Thanks very much for squeezing me at the end. Yes, it's Ian Douglas Pennant at UBS. Firstly, I just wanted to give you an opportunity to talk about on the longer term implications for margins. In the past, Airbus has said that you'll get back to 2019 margins when you get back to 2019 deliveries. I wanted to give you the opportunity to either reiterate or update that as you see fit. And secondly, on helicopters, could you just go into a little bit of more detail for me just so I can better understand why the margins were so strong, especially in Q4? Is there kind of a single delivery batch in there that we should think about? Or I'm essentially trying to understand how sustainable that strength is given the underlying industry strength. Thank you.
Thanks a lot. So I'll take the one on helicopters. Well, Q4 has been very strong at helicopters. Unfortunately, our deliveries were very backloaded in helicopters, even more than in commercial. That's not something we like to have. And that contributed to the overall margin in the year. So you should not see Q4 in isolation. I really recommend to look at 2023 as a whole. but also as 2023 as a good basis for the development of the division. And you've seen the development in turnover and in margin percentage over the past years. And as I said in my preliminary words, that's really something we want to keep doing. And we think the business, the markets has the potential to secure that trajectory. Having in mind that services are strong at helicopters, and that contributes to stabilizing the performance over the years, it's less sensitive to deliveries of helicopters than what we have, for instance, in commercial, because the services share of the Airbus helicopters turnover is roughly 50%. On the margins, and the opportunity to reiterate or not the statement,
Yes. The way I would look at it is the following. So first of all, of course, we don't want to give super precise guidance beyond 2024. I think 2024 is the focus that we have today. Now, to your question, will we reach the same percentage guidance in terms of return on sales once we reach the same deliveries as in 2019? I would say that since then, things have, in terms of the environment, slightly evolved in the sense that we are in a high inflation environment so mechanistically you of course have cost increasing that partly we are able to pass through to our customers and therefore that has an impact on the margin what I would say though is that I can reiterate that once we are back to the same deliveries as in 2019 our EBIT in absolute terms should also match what we were printing in 2019 Again, the margins might be affected by an inflation environment, which, of course, we did not foresee when we made that statement. But I would say, directionally, we stick, of course, to the view that once we're back to the deliveries of that year, we should also be in the same ballpark in terms of the profitability.
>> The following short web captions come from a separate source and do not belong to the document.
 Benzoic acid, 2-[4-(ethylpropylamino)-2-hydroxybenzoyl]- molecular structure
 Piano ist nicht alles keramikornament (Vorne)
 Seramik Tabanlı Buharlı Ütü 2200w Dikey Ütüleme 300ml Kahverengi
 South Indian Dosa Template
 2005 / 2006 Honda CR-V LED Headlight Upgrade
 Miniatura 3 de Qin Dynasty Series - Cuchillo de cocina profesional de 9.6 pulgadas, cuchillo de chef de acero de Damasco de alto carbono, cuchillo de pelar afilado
Thank you. That's very clear. And you're, of course, talking about commercial there rather than the entire group. Yes. Thank you.
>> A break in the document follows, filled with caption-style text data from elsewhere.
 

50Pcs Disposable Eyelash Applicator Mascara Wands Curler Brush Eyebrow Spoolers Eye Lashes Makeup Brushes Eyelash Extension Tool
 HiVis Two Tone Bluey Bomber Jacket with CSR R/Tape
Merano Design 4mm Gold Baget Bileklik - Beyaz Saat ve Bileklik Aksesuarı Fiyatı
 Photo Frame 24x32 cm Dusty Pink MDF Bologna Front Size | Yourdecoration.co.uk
I think it was the group margin that we indicated two or three years ago that would be back to where it was but I'm not sure it makes a big difference it doesn't make a big difference but I think the statement that was made at the time it wasn't me personally I think that related to the entire group and not specifically to the commercial business that was the mindset of the statement at that time thank you very much thank you so thank you this closes our conference call for today
If you have any further questions, please send an email to Philippe, Olivier, Gustave, myself, and we will get back to you as soon as possible. Thank you, and we are looking forward to seeing or speaking to you very soon.
Thank you, Hélène. Thank you, everyone. Have a good day.